Le explicamos que papá también los tuvo que usar cuando tenía su edad, le mostramos fotos y eso lo entusiasmó. Su cara cuando se los probó por primera vez fue de sorpresa y de risa. Por fin estaba viendo el mundo tal cual es, con todos sus matices y formas. Y algo de eso le causó gracia. «Ahora puedo ver mejor los agujeritos que se te hacen en los cachetes cuando te reís y las letras que la señorita escribe en el pizarrón».
Al principio sufrí por él, pensando que se iba a sentir incómodo o con vergüenza. Pero eso es apropiarme de su historia. Esta es su historia, no la mía, y su modo de vivirla es mucho más fresca y espontánea de la que creí. Así son ellos, tanto más fáciles y simples, sin ideas extrañas ni pensamientos negativos y enroscados. Tanto más piolas que nosotros, los grandes. La rebeldía le duró dos días y de a poco se va dando cuenta de que ese par de anteojos no es su enemigo, no llegó para complicarle sus días, sino para volverlos más lindos, claros y luminosos.

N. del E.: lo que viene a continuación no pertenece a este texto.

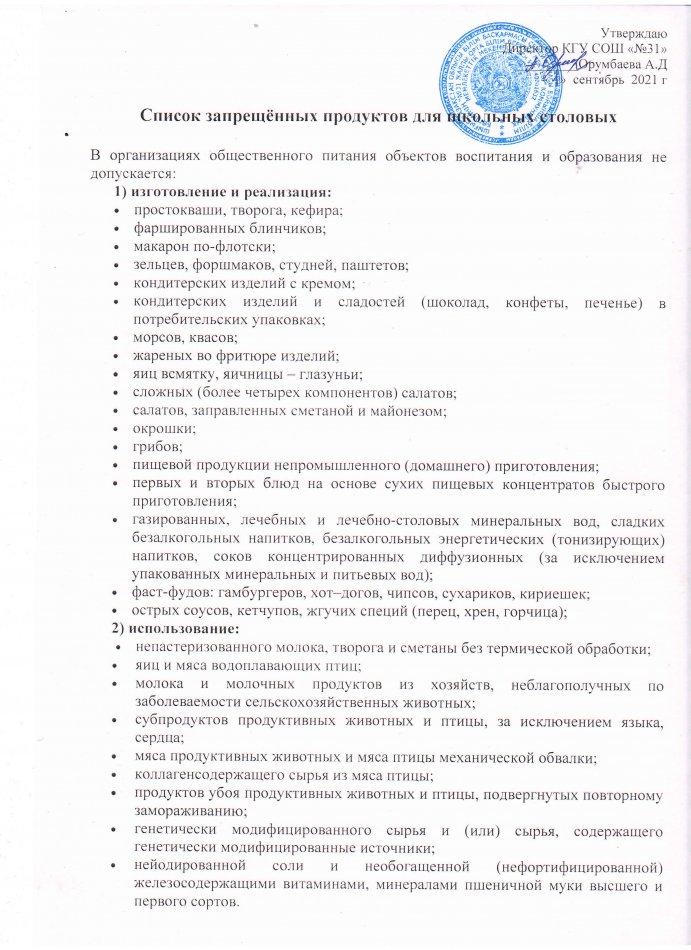 Список запрещенных продуктов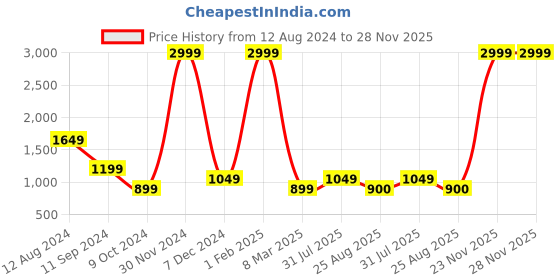 myntra.com HOMADORN Mustard 2 Pieces Textured Cotton Rectangle Cushion Covers homadorn Price History Graph from 12 Aug 2024 to 28 Nov 2025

¿Son mágicos? Dudé al contestar, pero al final elegí seguir su historia de fantasía. Si él quiere pensar que sus anteojos son mágicos porque cada vez que se los pone el mundo parece más lindo y las personas más buenas, ¿porqué romperle la ilusión? Me encantaría tener unos anteojos así, como los de él, que con su magia todo alrededor se transforme en algo mejor. «Depende del cristal con que se mire», se suele decir. Los suyos hacen magia y está bien, nunca viene mal un poco de fantasía para cortar con tanta realidad.